Airlines add service in North Dakota's oil patch

MINNEAPOLIS (AP) - Airlines are boosting service to North Dakota to haul in workers drawn by the state's oil boom.

Delta Air Lines Inc. said Monday that it will add two round-trips a day between Minneapolis and Williston, N.D. And United Airlines is set to add three round-trip flights a day between Denver and Williston in November. Other North Dakota airports have added service, too.

North Dakota oil production has more than tripled in the last three years, and it's now the second-biggest oil-producing state, behind Texas. Air traffic has boomed, too.

"Williston is basically the center hub of it, so we see quite a bit of traffic," said Steven Kjergaard, the airport manager there.

The additional air demand is straining resources at North Dakota airports.

Williston's Sloulin Field International Airport was built to handle 6,000 passenger boardings per year. Kjergaard expects more than 10 times that many next year.

The waiting room has just 41 chairs in the secure area. Kjergaard plans to haul in a double-wide trailer to hold 80 more seats by the time the United flights start in November. "It's going to be an interesting compromise," he said.

The airport runway was rated for a maximum weight of 25,000 pounds. The city agreed to change it to 53,000 pounds to handle the bigger jets.

At North Dakota's Minot International Airport, the terminal was built to handle two airlines. It now has service from Allegiant, as well as United and Delta. Frontier is coming, too.

"Now we're cramming in a fourth. So the facility is extremely tight," said airport manager Andrew Solsvig. The schedule for its two gates was so full, he told Frontier they could only come if they would use the leftover slots.

The airport had a federal grant to guarantee that United would make enough money on the flights that started there in 2010. Solsvig said the money went back to the feds, because the flights were so full that United never needed the subsidy.

Delta added flights last year. Minot now has seven daily flights to Minneapolis on Delta, four a day to Denver on United, and Allegiant is flying twice a week to Phoenix and four times a week to Las Vegas. Frontier begins flying in November to Denver, four times per week.

Most of the Delta and United flights in the area are on smaller regional jets operated by partners, although Delta operates some Minot flights itself on larger Airbus A320s.

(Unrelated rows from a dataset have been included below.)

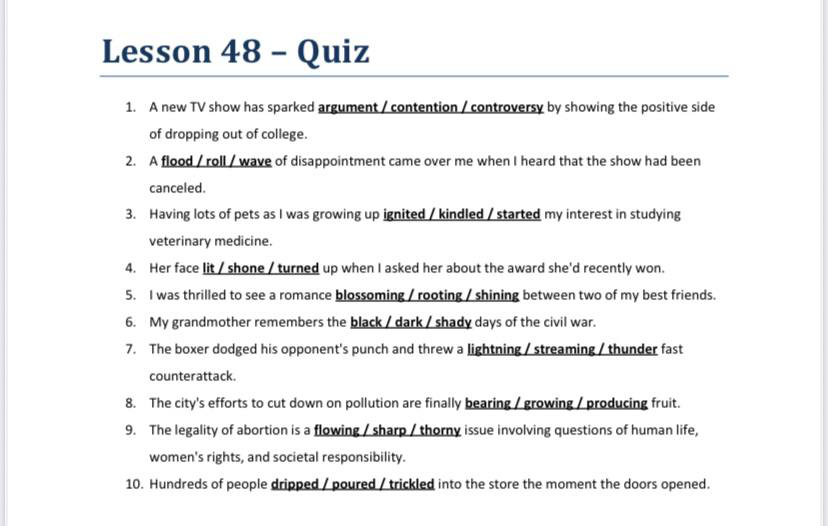 1. A new TV show has sparked argument / contention / controversy by showing the positive side of dropping out of college.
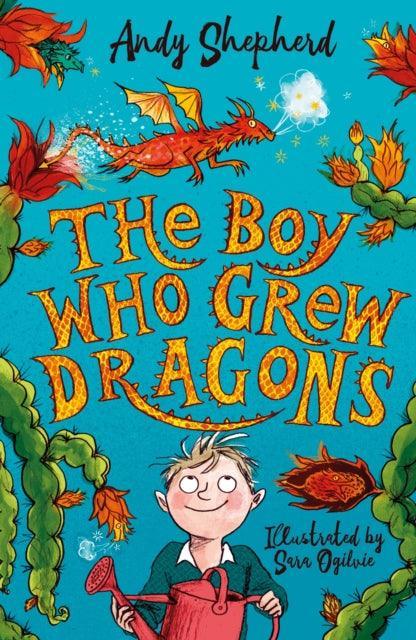 The Boy Who Grew Dragons (The Boy Who Grew Dragons 1) - The Cleeve Bookshop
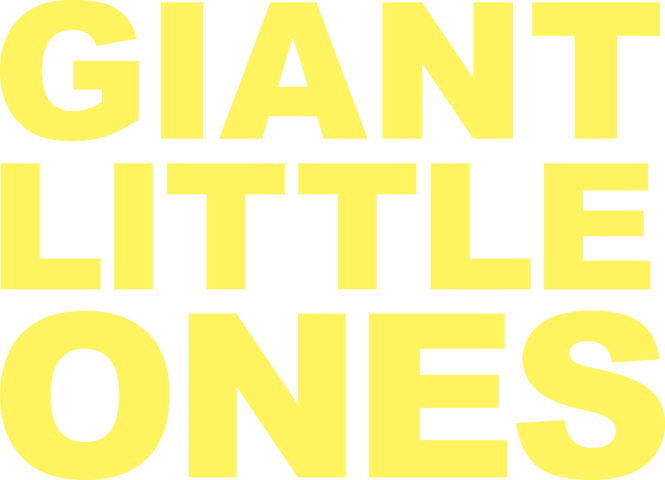 Giant Little Ones
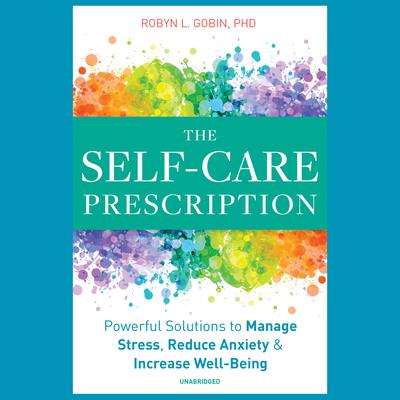 The Self-Care Prescription by Robyn L. Gobin audiobook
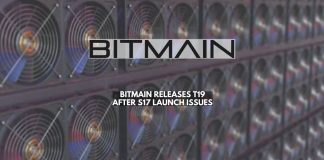 Bitmain Upgrade to T19 after S17 Launch Issues
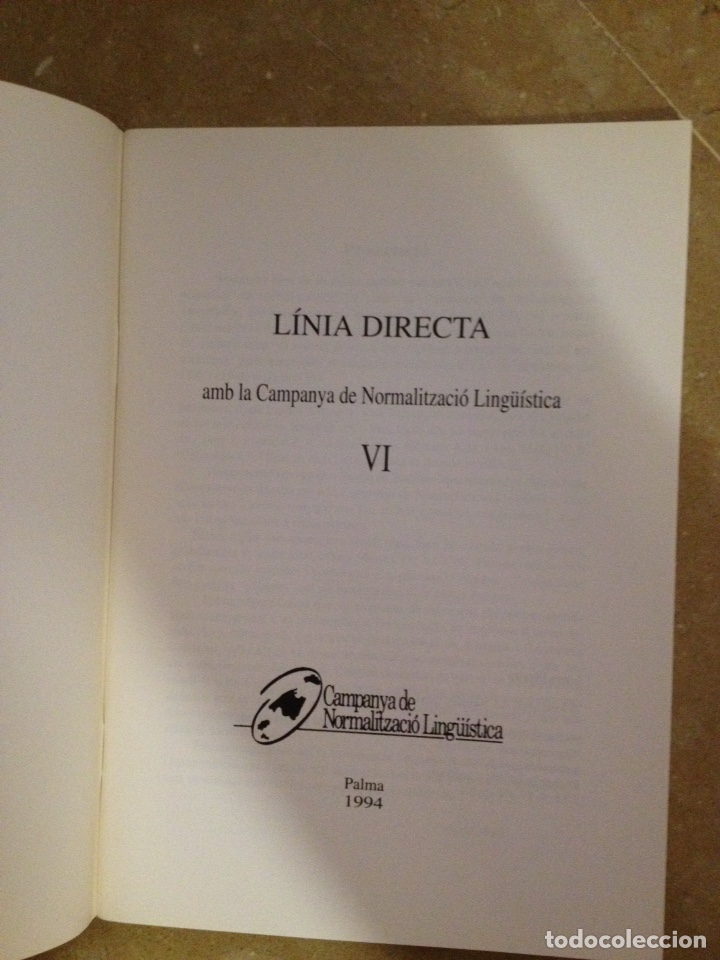 Libros: L&iacute;nia directa amb la Campanya de Normalitzaci&oacute; Ling&uuml;&iacute;stica VI - Foto 2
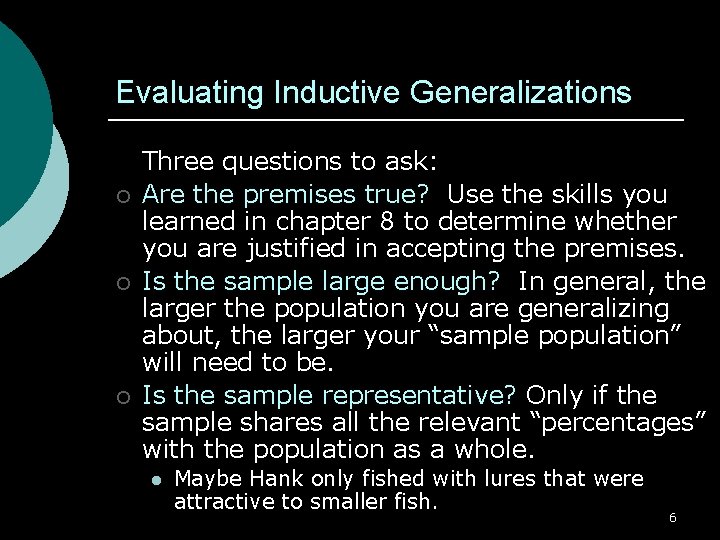 Evaluating Inductive Generalizations ¡ ¡ ¡ Three questions to ask: Are the premises true?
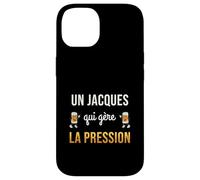Jacques Qui Gère la Pression Cadeau Jacques Humour Bière Coque pour iPhone 14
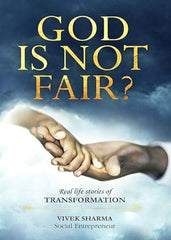 GOD IS NOT FAIR?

Delta said other cities with oil-related jumps in traffic include Minot, Bismarck, Fargo and Grand Forks in North Dakota, as well as Anchorage and Fairbanks, Alaska, and Edmonton, Alberta.

For Delta and United Continental Holdings Inc., the flights are very, very small parts of their global operation. But they're a big deal for the cities in North Dakota that are getting expanded air service.

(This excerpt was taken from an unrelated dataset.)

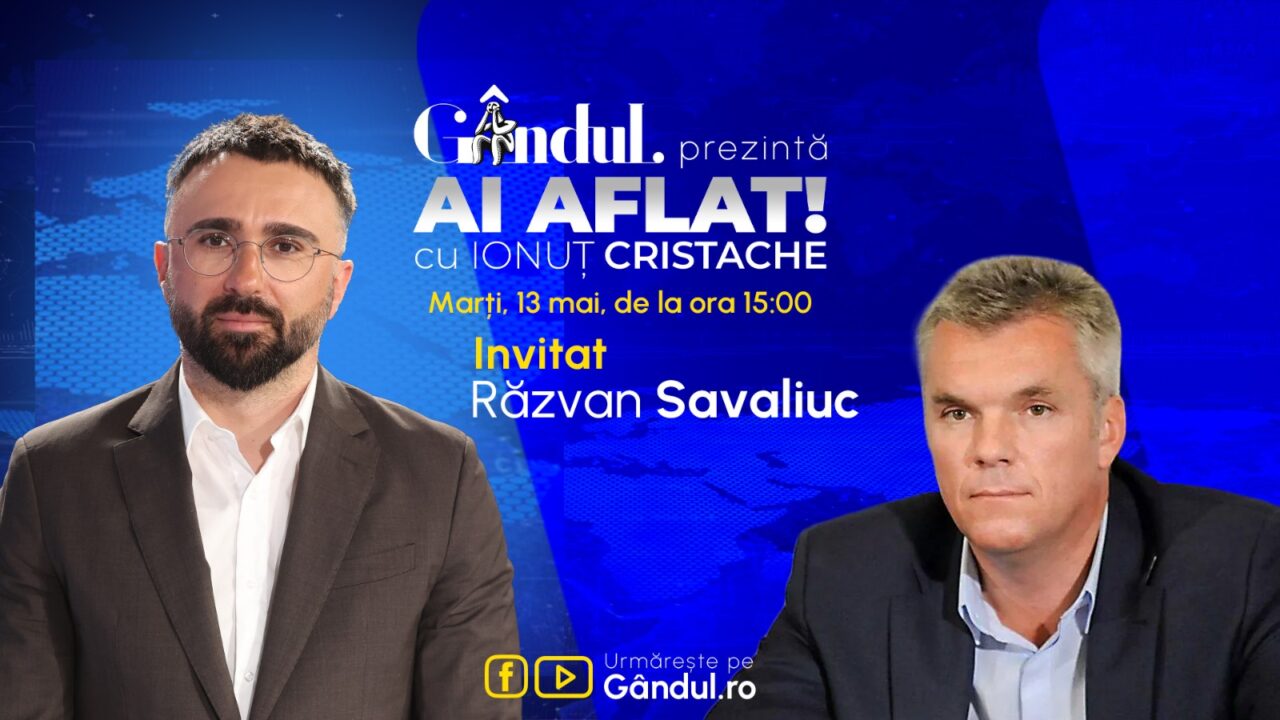 „Ai Aflat! cu Ionuț Cristache” începe marți, 13 mai, de la ora 15.00, LIVE pe Gândul. Invitat: Răzvan Savaliuc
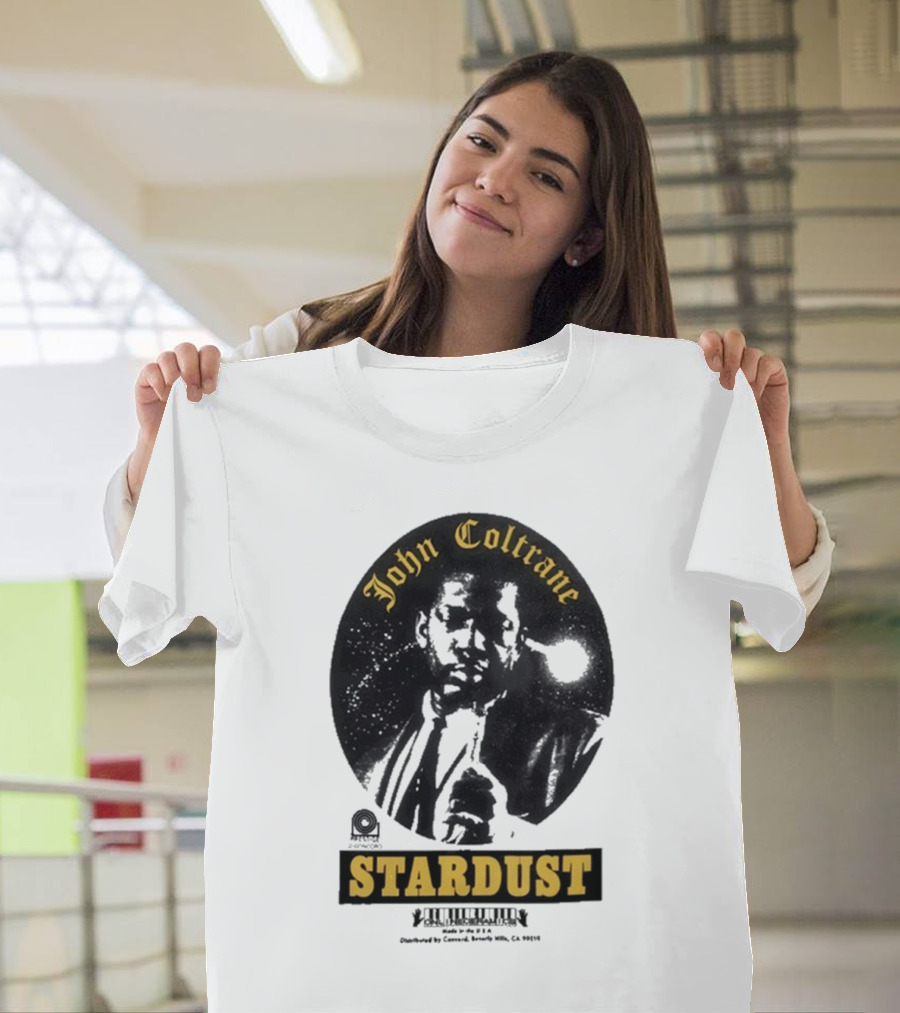 John Coltrane Stardust Prestige Records Distributed By Concord Beverly Hills CA 90212 T-Shirt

"The airline would add a flight, and three months later it would be full. They'd add another one, and it would fill up," said Solsvig, the manager in Minot.

In Dickinson, N.D., the number of people getting on planes jumped 83 percent last year.

The city gets flights from Great Lakes Aviation right now. But those 30-seat propeller planes often have to fly with empty seats because of restrictions on safe takeoff weights, said airport manager Matthew Remynse. The airport is working with a consultant to lure other airlines. "We're out of capacity," he said.

Space will be tight. Besides commercial flights, the airport has seen an influx of private planes.

"There've been days when they've had so many aircraft on the ramp, they've asked us to shut down the taxiways so they could park aircraft on the taxiway," Remynse said.